I’ve been thinking a bit about thinking while programming lately. A bit confusing I know, but hear me out.
Programming is one of the few occupations that occurs inside our heads so it’s a little funny we don’t talk more about what actually goes on inside those heads.
As a primer for the rest of the post, take 5 minutes to watch this video from Richard Feynman:
That’s where I discovered, at least in this very simple operation of counting, the great difference in what goes on in the head when people think they’re doing the same thing!
And so it struck me therefore if that’s already true at the most elementary level, that when we learn the mathematics and the Bessel functions and the exponentials and the electric fields and all these things, that the imageries and method by which we’re storing it all and the way we think about it could be really, if we could get into each other’s heads, entirely different.
And in fact why somebody sometimes has a great deal of difficulty understanding a point which you see as obvious and vice versa it may be because it’s a little hard to translate what you just said into his particular framework and so on.
Hopefully that gets you thinking about what’s going on in your head while you’re working on a problem. There is a small chance you don’t visualize anything in your head which is a condition called aphantasia. There’s a bit of confusion around what visualizing in your head actually means in those threads but here’s a good explainer video on it.
In a nutshell, when I’m visualizing something I’m seeing it in my mind’s eye inside my head and not actually seeing it with my eyes (or on the back of my eyelids as talked about in the video). It’s definitely connected to the brain’s visual system, but seemingly something along the lines of an induced noisy signal, versus a clear image perceived by the eyes with the direct optic nerve path. I don’t think this is unique to me but I can visualize while my eyes are open as long as there’s not too much visual stimulation.
Going back to the Feynman video though, I’m super curious what goes on in your head while programming and how it might be different than what happens in mine. I’m convinced that a big part of gaining (good) programming experience is developing the right mental models to visualize while problem solving.
Context matters
What you’re seeing in your head is of course very dependent on the exact task at hand as well as the environment you’re in.

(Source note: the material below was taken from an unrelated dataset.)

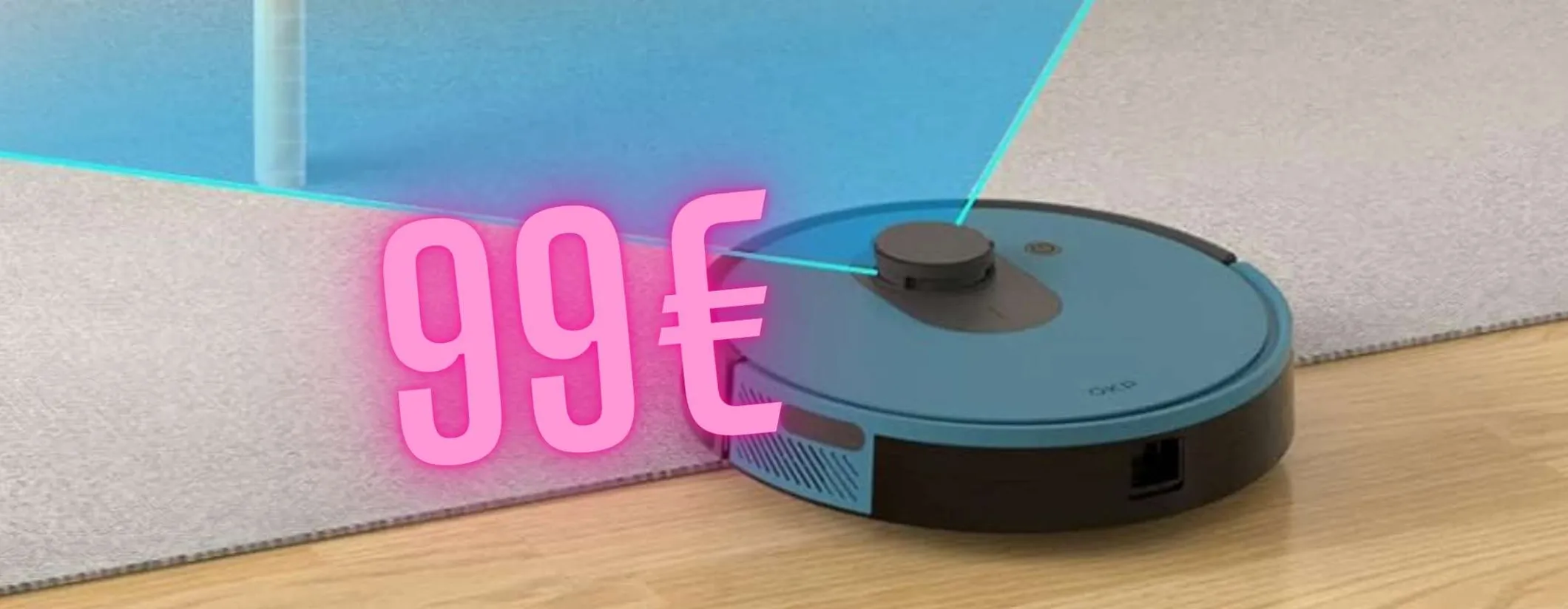 Pavimenti splendenti senza alzare un dito con il robot aspirapolvere OPK L1 a soli 99€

Programming is not a monotonic activity. Working on an algorithm by yourself in an IDE is different than working collaboratively with a teammate on a system design at a whiteboard which is also different than designing a database schema in an interview. However, in all these cases having the right images in your head to guide you will help.

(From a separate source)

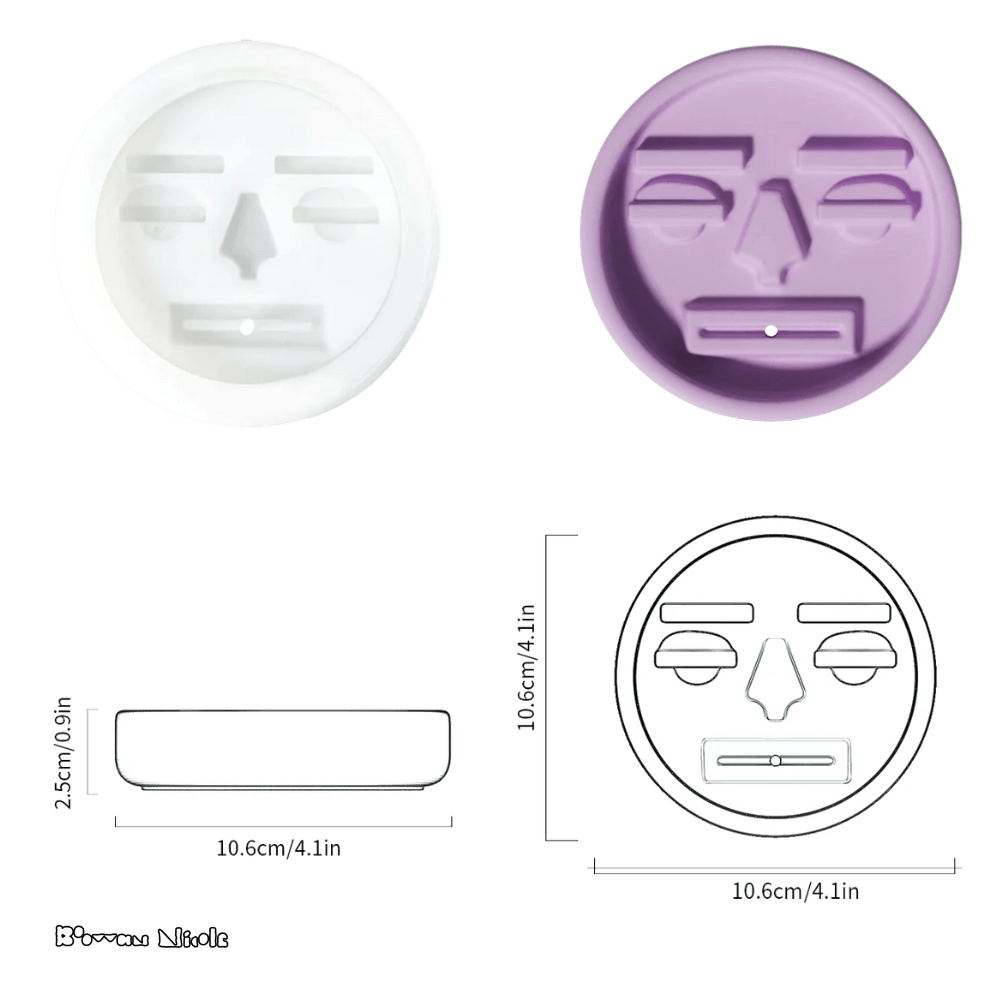 Boowan Nicole: Ugly Face Incense Holder Silicone Mould - BohriAli.com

Hopefully in the process you can get the images out of your head and in front of your eyes to continue the process. I can only speak for myself here, but what I can visualize in my head is capped at about 4Mb of RAM. Anything too complex or detailed I need to get the first part out of my head into the world to look at so I can then visualize the next step and iterate.

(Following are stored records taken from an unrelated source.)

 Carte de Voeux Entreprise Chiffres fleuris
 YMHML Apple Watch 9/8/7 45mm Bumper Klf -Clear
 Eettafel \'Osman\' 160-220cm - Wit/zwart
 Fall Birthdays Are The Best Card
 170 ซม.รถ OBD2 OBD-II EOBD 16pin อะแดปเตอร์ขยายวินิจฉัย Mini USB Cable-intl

What I visualize is closely tied to the best UI or diagram I’ve found for each task. It’s like I can use the tool in my head to accomplish the task without actually looking at it.
Programming Task Visualizations
So to break it down more specifically I want you to think about what your ideal visualizations are for each of the different tasks here and then compare it to what I’ve found works best for me.
1. Systems Design
Let’s start with an easy warmup, designing a system with multiple components. The actual design might not be easy but the tools to visualize it should be. This is the classic “draw boxes on a whiteboard with arrows” trope of CS.
Start with by drawing/visualizing each component, then connect the ones that communicate with arrows, and finally layer on any groupings with surrounding boxes.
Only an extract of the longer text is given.